Is there any way to change the limit to 200

ltfish commented 1 year ago

Take a look at https://github.com/angr/vex/blob/0feb7ff984340d738b37543a817f2e3b436e26ee/pub/libvex.h#L491 and https://github.com/angr/vex/blob/939f423dbb6282cf14bc5d90ff8b37c2c5992e65/priv/guest_generic_bb_to_IR.c#L228. I am not entirely sure what will happen if you up the limit though.

rhelmot commented 1 year ago

200 will... probably work? the main reason there are hard limits is that libvex doesn't use a dynamic memory allocator, so sizes have to be kept pretty strongly in check. However, we've found that there isn't really a good point in having a larger limit - the nature of analysis with vex is that you have to deal with the fact that basic blocks may start at points other than control flow junctions, since libvex does fully dynamic lifting, without control flow recovery.

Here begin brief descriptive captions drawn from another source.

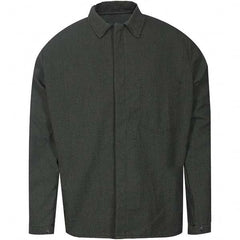 National Safety Apparel - Size 5XL Green Flame Resistant/Retardant Jacket - Exact Industrial Supply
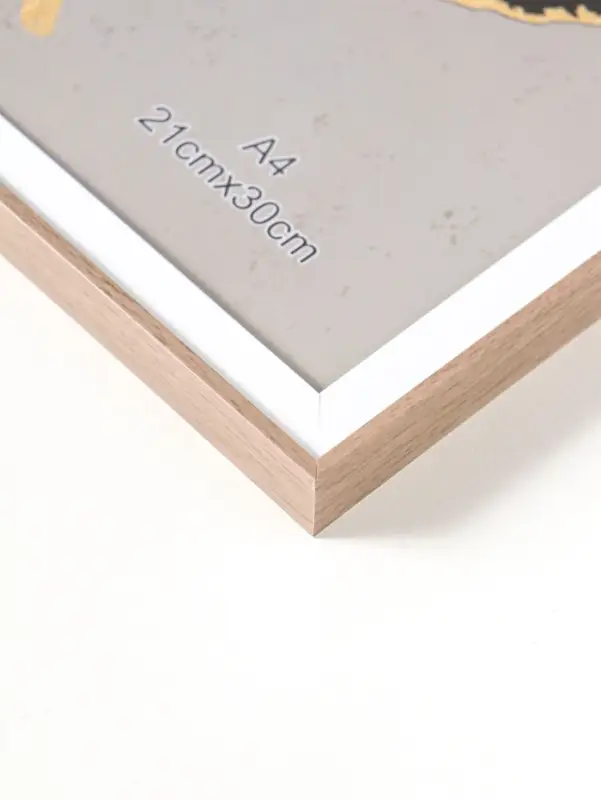 Фоторамка пластик формат А4 "Современная классика" беж и белый 26х20,8х1,5 см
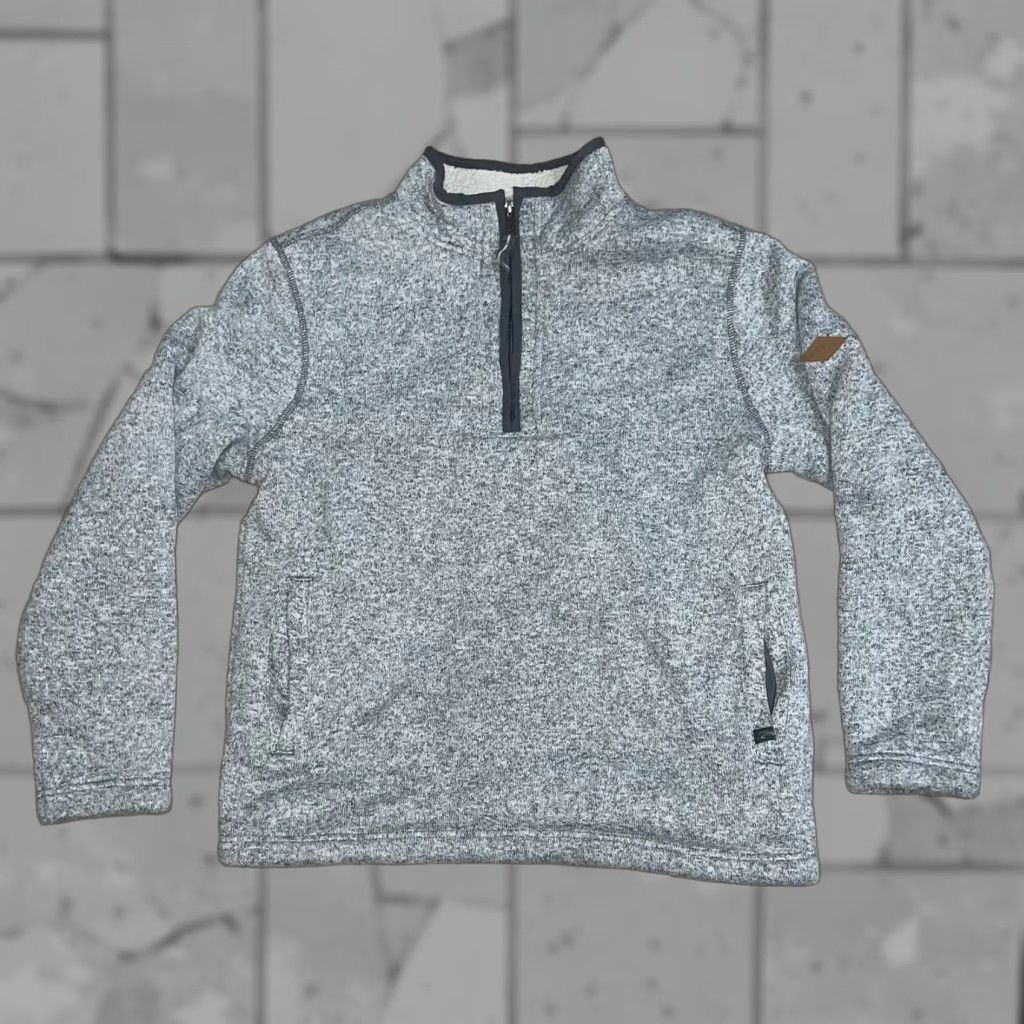 Orvis Orvis Fleece Lined Grey Quarter Zip Pullover Mens L Sweater Regular Polyester Fleece Gray Pullover L Mens Size US L / EU 52-54 / 3 - 1 Thumbnail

luo8979061 commented 1 year ago

I have changed the limit to 200 on the code corresponding to the following two links： https://github.com/angr/vex/blob/939f423dbb6282cf14bc5d90ff8b37c2c5992e65/priv/guest_generic_bb_to_IR.c#L228 https://github.com/angr/vex/blob/939f423dbb6282cf14bc5d90ff8b37c2c5992e65/priv/main_main.c#L310 But the pyvex.lift function shows that only 105 assembly instructions have been converted： IRSB <0x182 bytes, 105 ins., <Arch AMD64 (LE)>> at 0x7fffece0f9ee

I actually wanted to do data flow analysis between basic blocks, so I ignored the jump instruction between basic blocks, so it was equivalent to combining multiple basic blocks into a large basic block, and then using pyvex.lift function to convert the large basic block into vex IR, and then do data flow analysis. But currently pyvex.lift itself has a quantity limit. Do you have any good suggestions?

rhelmot commented 1 year ago

If you want to do any serious static analysis with pyvex you want to be using angr. That's as good of a suggestion as I can provide.